• **PROBLEM DESCRIPTION**: Give again, word for word, every line in the entries below from the line with "Lexus LX 700h FSport 3.5L V6 Hybrid 5 Seater" up to and including the line with "Dodge Sprinter 2500", and no other line.

• **DATA FOR THE TASK**:
══════════════════════════════

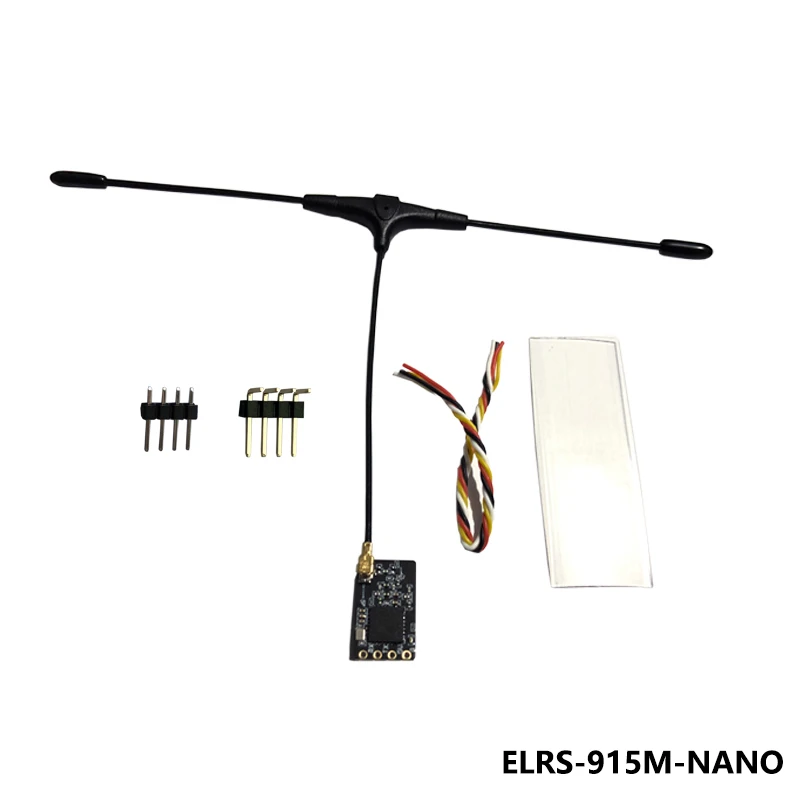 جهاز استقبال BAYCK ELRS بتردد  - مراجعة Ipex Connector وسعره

══════════════════════════════

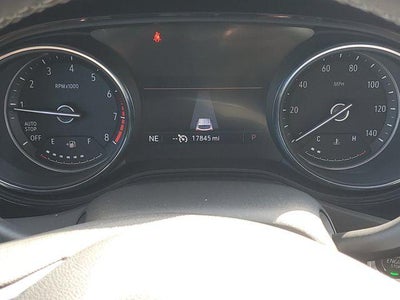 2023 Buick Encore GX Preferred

══════════════════════════════

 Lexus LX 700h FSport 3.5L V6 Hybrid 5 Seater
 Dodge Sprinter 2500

══════════════════════════════

• **OUTPUT FOR THIS EXERCISE**:
 Lexus LX 700h FSport 3.5L V6 Hybrid 5 Seater
 Dodge Sprinter 2500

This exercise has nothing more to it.